Hacker News new | ask | show | jobs
by smaudet 723 days ago
> where they don't yet have a way to talk about recursion.

I'd like to know how its unfortunate as well, I'm not sure I agree with this though.

    int a = 0
  begin:
    if a == 10 {
      jump :end
    } else {
      a = a + 1
      jump :begin
    }
  end:
The programmer will have learnt that programs have a beginning and an end, they will have some notion of a variable, its type, and manipulating their values. They will even likely have learnt conditional branching logic. The only new concept here is that of jumping areas of code.
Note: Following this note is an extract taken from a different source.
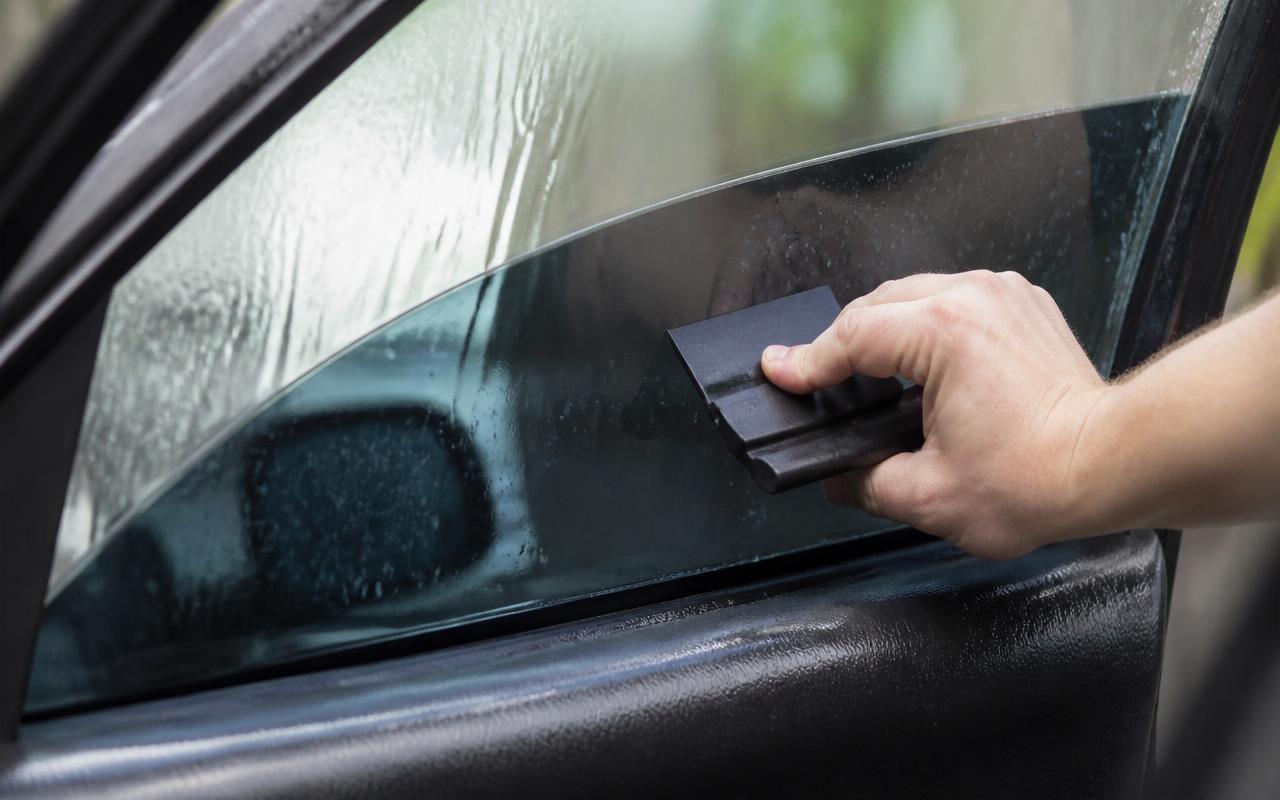 Hand pressing tint film onto a wet car side window with a squeegee during car window tinting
If you next introduce methods you can clean it up and illustrate it more cleanly:

  myFunc(int a) {
    if a == 10 {
      return
    } else {
      a = a + 1
      return myFunc(a)
    }
  }

  myFunc(0)
Finally you can explain the programmer "hey, there's this shortcut we can take called a loop that expresses this more succinctly":

  int a = 0
  while (a != 10) {
    a = a + 1
  }
Nice simple-looking code. Yet this concept requires being able to grok much more than the relatively simple tail-recursive definition.
2 comments

I suppose the order your introduce those examples in ultimately comes down to whether it's more important for the student to first understand what the computer is doing or how it is doing it.

Most people don't start out thinking like computers, so I think it's probably more important for a new student to understand how code describes a particular series of operations and then help them translate that into how a computer "thinks" about those operations.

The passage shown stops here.